Increase value for money! Adding support for the Intal x86 is going to be a big help in this department. Standardize on certain parts! Embracing an interconnect technology as NonStop development proposed via InfinBand (IB) as well as manufacturing producing an universal blade as a result is also going to be much appreciated. Control costs! Leveraging NonStop development expertise, fully utilizing the integrated stack and letting the OS ride the changes well is our cue for NonStop users to do the smart thing – it’s almost as if we are learning to love Pathway all over again!

The bottom line here, of course, is that after four decades (or thereabouts) we are still talking about NonStop and still thinking up new ways to exploit the best implementation of AL4 available today, Sure, IBM mainframes today now have what IBM is calling Geographically Dispersed Parallel Sysplex (GDPS) that is an extension of Parallel Sysplex in order to support mainframes located, potentially, in different cities. But this is at what cost? And in the end, with what added value?

Complexity abounds with this model of IBMs and yet, it’s so simple for NonStop users. Can we execute a takeover where systems are separated? NonStop users familiar with the recent additions to Pathway (TS/MP) 2.4 and later, understand how easy it is to deploy NonStop in this manner with far less complexity and at a lot lower price point – TCO remains important as do the number of nines, and even though IDC gives the IBM system z mainframe running in Parallel Sysplex mode an equivalent AL4 status to NonStop, it’s at such a high price point that no, I just don’t get it!
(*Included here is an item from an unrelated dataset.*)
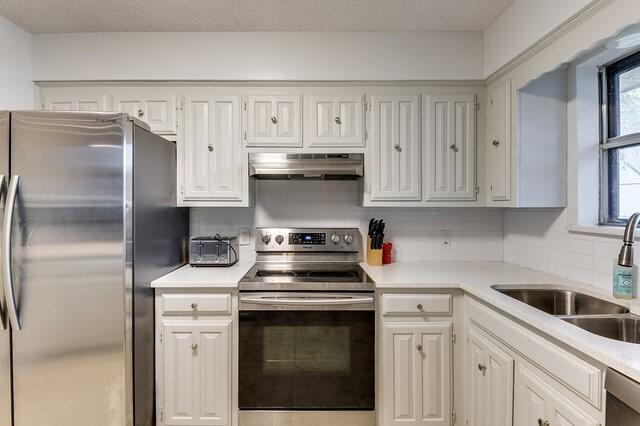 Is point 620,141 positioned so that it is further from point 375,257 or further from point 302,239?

I still have some good wine left in the cellar and I am sure that my friends, Brian and Jan, will find a way back for more. There will be more pictures taken of empty bottles, too, to be featured in stories to come I am certain of that. However, when the new NonStop systems begin to ship I too will make sure there’s a little champagne on the side that I will be only too happy to open and to toast the NonStop development team for a job that is sure to be well done. NonStop on x86? NonStop in IB? NonStop in hybrids and even Converged Systems well, what else can I say but that I get it, too!